Behold (Part 2): Beholding the Unexpected

TO START

This week, we continued with part 2 of “Behold” as we anticipate Christmas. In particular, this series is calling us to consider what it means to behold the news of Immanuel, God with us. So, the aim of each week is to allow God to redirect our attention to where we look and how we look at the good news of Jesus.  But to start each week, we have to come to terms with what’s trying to capture our attention.

  • What’s consumed a lot of your attention this week? 

TO DISCUSS

To start the sermon, Zane mentions that the world around us tries to capitalize on the predictable ways our attention is captured. He even points to the algorithms that tell companies where we will look. But what really matters is that where we look for God tends to be in the most unpredictable places.

  • How do you best behold the news of God when you have parties to attend, gifts to buy, and family to see? How can you better fix your attention on the news of Jesus coming?

This morning, Zane helped to redirect our attention to Emmanuel through the story of the shepherds. Read Luke 2:8-20

  • The shepherds in the story mirror the men and women in our society who have lost the attention of the majority but are also those whom God has never stopped paying attention to. If God is paying attention to those who no one else in the world pays attention to. Who are the shepherds of our day?

  • What does God showing up in such a majestic way to the shepherds tell us about God? 

Zane argues that God likes gift wrapping and that God is hidden in ways that we would never expect. In particular he says, “Jesus is wrapped (literally) and placed in the world”. Jesus is found among the powerless and that matters. 

  • What moments in your life have you looked back on to realize that God was hidden in ways that you would never expect? A time when you glossed over someone or something only to miss out on God?

  • What is God teaching us through the arrival of Jesus who is not found among the religious elite but who arrives among the powerless?

Prominent Asian-American thinker, Tracy Gee talks about seeing and interpreting God is like finding a dropped contact. If you’ve ever lost a contact, or seen someone lose a contact, they tend to look ridiculous searching for it. They tend to stop everything they’re doing, get on their knees and stare intently.
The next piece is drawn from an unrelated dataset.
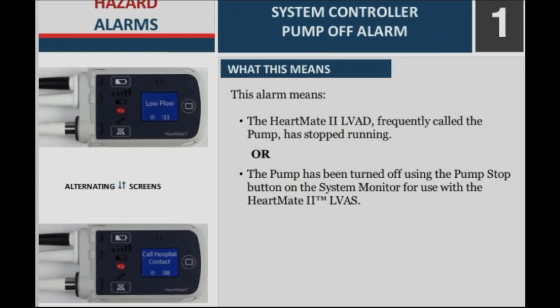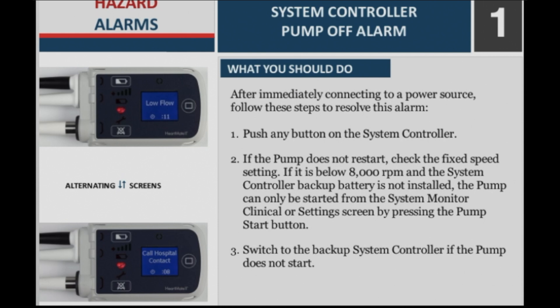What this means: The HeartMate II LVAD, frequently called the pump, has stopped running. Or, the pump has been turned off using the pump stop button on the system monitor for use with the HeartMate II LVAD. What you should do: After immediately connecting to a power source, follow these steps to resolve this alarm.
Why? Because unless you look extremely close, you will see right through it thinking there is nothing there at all. 

  • Do you find yourself chasing after God like you would be chasing after a lost contact? What would it look like in your life to stop everything you’re doing and to stare intently to find God? 

  • How much attention do you pay to those who receive the least attention in society? 

To close, Zane argues that a big part of faith is going and seeing and that the shepherds of Jesus’s birth story aren’t passive at all when their attention is captured but rather they actively seek to give their attention to something that deserves the attention of the world. 

  • So, are you ready to “go and see”?  Do you notice the unseen and/or do you actively look and seek relationships with the unseen? Why or why not?

  • What would it look like for you to give your attention to someone who receives very little of your attention? What is something you can do to give attention to those who have very little of your attention? 

TO CLOSE

Give group members the opportunity to share a place, person or thing that has the least amount of their attention whom they will actively give their attention to in this season (if they don’t have an example, invite them to pray for God to show them who or what God is calling them to pay attention to).  

Pray over these things and then close with this prayer from the Attention Calendar:

God with us, may we behold you in all things, in all moments, in all people and in all places.